比較婦女應力性尿失禁使用不同路徑吊帶手術之長期手術效果
吳怡萱1、江元宏2、陳聖復2、郭漢崇2
1高雄市立小港醫院 泌尿科; 2花蓮慈濟醫院 泌尿部
Surgical Outcomes of Different Suburethral Sling Procedures for Female Stress Urinary Incontinence
Yi-Hsuan Wu1, Yuan-Hong Jiang2, Sheng-Fu Chen2, Hann-Chorng Kuo2
1Department of Urology, Kaohsiung Municipal Siaogang Hospital, Kaohsiung Medical University, Kaohsiung, Taiwan;
2Department of Urology, Buddhist Tzu Chi General Hospital, Tzu Chi University, Hualien, Taiwan
Abstract
Purpose: Stress urinary incontinence (SUI) annoyed women worldwide and surgery remain importance for those who failed to observative managements.

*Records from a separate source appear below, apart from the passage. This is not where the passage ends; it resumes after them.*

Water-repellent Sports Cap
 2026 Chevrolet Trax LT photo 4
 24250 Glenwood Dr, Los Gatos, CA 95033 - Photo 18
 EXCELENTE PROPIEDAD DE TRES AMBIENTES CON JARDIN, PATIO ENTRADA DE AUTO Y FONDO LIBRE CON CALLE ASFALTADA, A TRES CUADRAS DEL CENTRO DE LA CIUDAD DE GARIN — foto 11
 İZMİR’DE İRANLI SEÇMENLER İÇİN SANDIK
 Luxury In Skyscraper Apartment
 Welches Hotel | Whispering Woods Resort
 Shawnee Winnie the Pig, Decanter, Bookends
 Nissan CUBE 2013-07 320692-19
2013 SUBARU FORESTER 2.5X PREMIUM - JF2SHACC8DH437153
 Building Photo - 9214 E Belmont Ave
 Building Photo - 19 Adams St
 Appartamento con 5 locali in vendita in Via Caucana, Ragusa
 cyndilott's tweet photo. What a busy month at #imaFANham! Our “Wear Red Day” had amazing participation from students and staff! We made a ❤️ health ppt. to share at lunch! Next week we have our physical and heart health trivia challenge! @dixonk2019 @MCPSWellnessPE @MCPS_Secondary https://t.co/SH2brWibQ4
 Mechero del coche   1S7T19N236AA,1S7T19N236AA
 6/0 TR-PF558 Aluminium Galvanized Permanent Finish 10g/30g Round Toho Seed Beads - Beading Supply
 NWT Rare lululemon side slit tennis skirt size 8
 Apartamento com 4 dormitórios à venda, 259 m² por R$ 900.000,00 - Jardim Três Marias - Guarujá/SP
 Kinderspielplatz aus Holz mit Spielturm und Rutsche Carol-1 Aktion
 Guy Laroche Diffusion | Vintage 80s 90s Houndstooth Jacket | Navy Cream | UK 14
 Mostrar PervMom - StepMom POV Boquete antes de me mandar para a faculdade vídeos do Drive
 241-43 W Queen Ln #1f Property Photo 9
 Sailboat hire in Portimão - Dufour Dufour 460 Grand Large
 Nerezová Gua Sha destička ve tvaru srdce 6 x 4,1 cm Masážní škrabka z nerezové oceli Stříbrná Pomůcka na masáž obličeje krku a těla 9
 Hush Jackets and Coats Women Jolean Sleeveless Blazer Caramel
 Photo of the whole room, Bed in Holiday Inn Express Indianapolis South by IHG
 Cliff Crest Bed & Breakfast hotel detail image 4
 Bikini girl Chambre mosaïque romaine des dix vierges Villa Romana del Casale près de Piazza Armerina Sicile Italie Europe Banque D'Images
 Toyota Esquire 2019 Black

Methods: We retrospectively reviewed medical records of 533 female patients with mixed urinary incontinence and predominant SUI in a medical center. Patients were divided into four groups: pubovaginal sling (PVS) alone, transobturator suburethral sling (TOT) alone, PVS with colporrhaphy, and TOT with colporrhaphy. The primary outcome was the long-term cumulative success rate in different groups and a successful outcome defined as dry or less than one pad usage per day. The secondary outcomes were subjective postoperative lower urinary tract symptoms and various perioperative complications.
Results: The long-term cumulative success rate of PVS group with or without colporrhaphy are significantly higher than those in TOT group with or without colporrhaphy (p< 0.001). The group of PVS with concurrent colporrhaphy obtained highest success rate, followed by the PVS alone, TOT with colporrhaphy and TOT alone (p=0.003). Furthermore, highest rate of persistent overactive bladder was noted in TOT alone group (p< 0.001).
Conclusion: This study suggest PVS is superior to TOT in terms of incontinent symptom control and long-term success rate. Concurrent colporrhaphy may be also helpful for anti-incontinent effect.